Thursday, July 29, 2010




Poor wifi is worse than no wifi at all because you expect something and mostly get nothing. Ah, well. FYI: May 1st to July 15th GiMyC drove 5625 miles pulling Cruiser and touring towns; Tallahassee to St. Andrews, NB, was 2084 miles; to Port aux Basques, NL, was 1550 miles; and north to St. Anthony and a trip to Labrador was 727 miles. We are heading east to St. John’s now.
Western Newfoundland: Two weeks was barely enough to take it all in; the drive is breath-taking all the way with rocks, green mountains, tablelands, coves, harbors, bays, straits, and the Gulf of St.
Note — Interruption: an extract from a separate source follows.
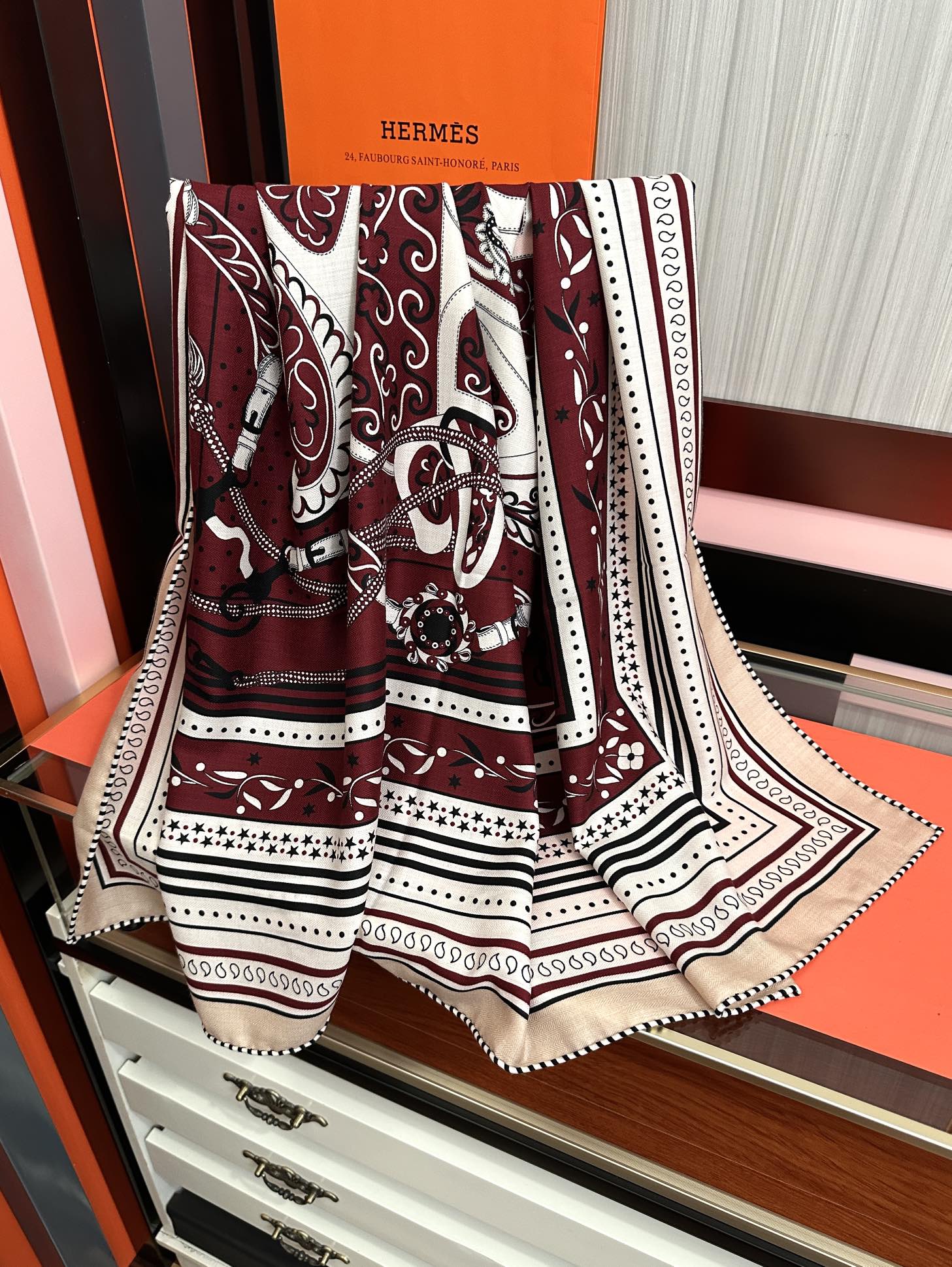 新款。爱马仕2025秋冬新款[爱心]ZG同步【亚马逊庆典】新一季丝巾采购清单估计各位养马人们已经列好了[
Lawrence. Be sure to check out our pictures at myphotoalbum; they tell the story better than I’ve kept up with this blog.
A side trip to Woody Point and Trout River is WAY out of the way but a must do. The drive to Woody Point is through the Gros Morne Tablelands and is magnificent. Woody Point is a place you would want a summer cottage. Its location right on the water’s edge of Bonne Bay is stunning. Trout River is a small fishing village with three small but interesting museums that tell the fascinating history of the place. The wharf is busy but inviting. The hardworking fishermen and women have a friendly smile and a hearty hello! Did we mention that these Newfoundlanders are very friendly.
We’ve had a great history lesson all along the way: Maritime Archaic Indians, Vikings, British, French, Western Brook Pond formed by glaciers, Labrador current bringing icebergs from Greenland (just not this year…), Dorset Indians, Beothuk, American bases during WWII, NORAD and DEW bases, and on. Sorry that I haven’t kept up just writing even though we couldn’t get online. A general note though: Irving gas stations are about the only place Regina can get her diet dr. pepper; most villages/towns have populations of 200 to 1000; fishing is really important; fish is always cod unless it states salmon, trout, or something else. Cod earbones make great jewelry; puffins are on the east coast of Newfoundland; it’s easy to get on the ferry to Labrador but getting back to Newfoundland you better have reservations; this land is definitely The Rock. Will update more at St. John’s.

Sunday, July 11, 2010

Gros Morne National Park, Newfoundland and Labrador







The fog dispersed as we approached Western Brook Pond for the fjord boat cruise; it was an excellent 2 1/2 hours on the water but we also saw moose and beautiful flora as we walked the 3 km trail to the boat ramp. Pictures are posted on myphotoalbum. Yesterday we went to the Historical Train Museum in Corner Brook before we arrived in Rocky Harbour and went to the Bonne Bay Marine Station and Aquarium in Norris Point. Both days have been wonderful.

Saturday, July 10, 2010

07.09.10 Our first full day in NL reminded us very much of traveling through the northern areas of the western Canadian provinces with the mountains, black spruce trees, no traffic for miles and miles, one main road and the side roads gravel (when they do appear), a restaurant/gas station every sixty miles or so, etc. We did stop in Port au Port West at the largest wooden building in NL, Our Lady of Mercy Church: standing 100 ft. at the steeple, stations made of carrara marble and framed with travertine marble then shipped from Italy, seats 1000, and took eleven years because of the volunteer builders so as not to incur a debt. The Church was built 1914-1925; the parish rectory next door was built in 1952 and is a museum, craft shop, and tea room: Paul and I had tea buns with partridgeberry jam – oh, so good. Then we went on to the Gravels Rest Stop where we could look back at the Abbott and Haliburton tin shop, the oldest firm on the west coast of NL begun in 1898, and today mostly in timber production but still owned by the same family. Our stop for the night was Corner Brook.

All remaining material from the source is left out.